Audio Enhancement from Multiple Crowdsourced Recordings: A Simple and Effective Baseline
Shiran Aziz, Yossi Adi, Shmuel Peleg
TL;DR
The paper tackles crowdsourced audio enhancement for events captured by multiple, uncoordinated devices where noises are locally uncorrelated. It introduces a training-free baseline that aligns inputs, denoises in the time-frequency domain by per TF-cell outlier filtering based on the median, and averages the remaining complex STFTs to reconstruct the enhanced signal, yielding $G(t,f)$. The method uses fixed thresholds $|Y_i(t,f)| > \lambda_1 C(t,f)$ or $|Y_i(t,f)| < \lambda_2 C(t,f)$ with $\lambda_1=1.15$, $\lambda_2=0.01$, and a neighborhood relaxation with $\gamma=1.1$, and inverts via the mean phase.
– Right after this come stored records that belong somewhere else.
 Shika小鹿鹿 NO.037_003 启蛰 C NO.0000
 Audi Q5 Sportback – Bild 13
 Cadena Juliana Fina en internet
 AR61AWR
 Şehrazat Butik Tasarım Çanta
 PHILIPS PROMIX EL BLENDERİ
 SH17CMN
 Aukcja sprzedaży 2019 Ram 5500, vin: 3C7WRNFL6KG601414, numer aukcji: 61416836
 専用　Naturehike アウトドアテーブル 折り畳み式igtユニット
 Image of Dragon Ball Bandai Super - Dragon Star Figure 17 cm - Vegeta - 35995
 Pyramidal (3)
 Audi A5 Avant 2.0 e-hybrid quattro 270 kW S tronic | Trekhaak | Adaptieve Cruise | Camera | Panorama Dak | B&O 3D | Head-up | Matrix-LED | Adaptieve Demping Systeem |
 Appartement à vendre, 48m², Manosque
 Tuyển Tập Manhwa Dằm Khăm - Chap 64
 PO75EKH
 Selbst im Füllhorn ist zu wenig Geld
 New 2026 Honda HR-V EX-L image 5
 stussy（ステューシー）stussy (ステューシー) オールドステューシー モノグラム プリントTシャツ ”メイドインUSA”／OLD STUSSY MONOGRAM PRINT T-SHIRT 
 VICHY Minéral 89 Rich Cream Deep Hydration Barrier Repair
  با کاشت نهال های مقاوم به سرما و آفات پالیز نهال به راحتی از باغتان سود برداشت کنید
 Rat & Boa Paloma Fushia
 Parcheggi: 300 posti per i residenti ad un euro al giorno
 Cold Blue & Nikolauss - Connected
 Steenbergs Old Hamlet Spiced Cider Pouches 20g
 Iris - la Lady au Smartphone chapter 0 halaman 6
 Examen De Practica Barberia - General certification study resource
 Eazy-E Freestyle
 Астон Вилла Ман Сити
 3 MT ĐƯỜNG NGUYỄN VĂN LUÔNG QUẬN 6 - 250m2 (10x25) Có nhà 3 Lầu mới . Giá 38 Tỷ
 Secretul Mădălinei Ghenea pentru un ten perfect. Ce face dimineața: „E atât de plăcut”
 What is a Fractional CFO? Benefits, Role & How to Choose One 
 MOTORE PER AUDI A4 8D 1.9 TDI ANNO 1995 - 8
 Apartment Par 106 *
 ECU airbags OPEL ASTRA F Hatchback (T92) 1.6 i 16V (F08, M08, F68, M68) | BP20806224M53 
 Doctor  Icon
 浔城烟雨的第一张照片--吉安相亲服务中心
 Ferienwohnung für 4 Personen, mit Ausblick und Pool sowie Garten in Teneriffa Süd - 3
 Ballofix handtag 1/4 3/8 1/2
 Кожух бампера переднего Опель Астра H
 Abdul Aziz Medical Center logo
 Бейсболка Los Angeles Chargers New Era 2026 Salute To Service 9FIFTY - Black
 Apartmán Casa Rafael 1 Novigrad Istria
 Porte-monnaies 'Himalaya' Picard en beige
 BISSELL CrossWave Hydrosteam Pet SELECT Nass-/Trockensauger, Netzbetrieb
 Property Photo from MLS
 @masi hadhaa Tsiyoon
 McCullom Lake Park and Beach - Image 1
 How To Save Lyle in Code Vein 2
Evaluations on synthetic mixtures and real-world recordings show it outperforms baselines and remains robust under packet loss, establishing a practical baseline for future, more sophisticated approaches in crowdsourced audio enhancement.
Abstract
With the popularity of cellular phones, events are often recorded by multiple devices from different locations and shared on social media. Several different recordings could be found for many events. Such recordings are usually noisy, where noise for each device is local and unrelated to others. This case of multiple microphones at unknown locations, capturing local, uncorrelated noise, was rarely treated in the literature. In this work we propose a simple and effective crowdsourced audio enhancement method to remove local noises at each input audio signal. Then, averaging all cleaned source signals gives an improved audio of the event. We demonstrate the effectiveness of our method using synthetic audio signals, together with real-world recordings. This simple approach can set a new baseline for crowdsourced audio enhancement for more sophisticated methods which we hope will be developed by the research community.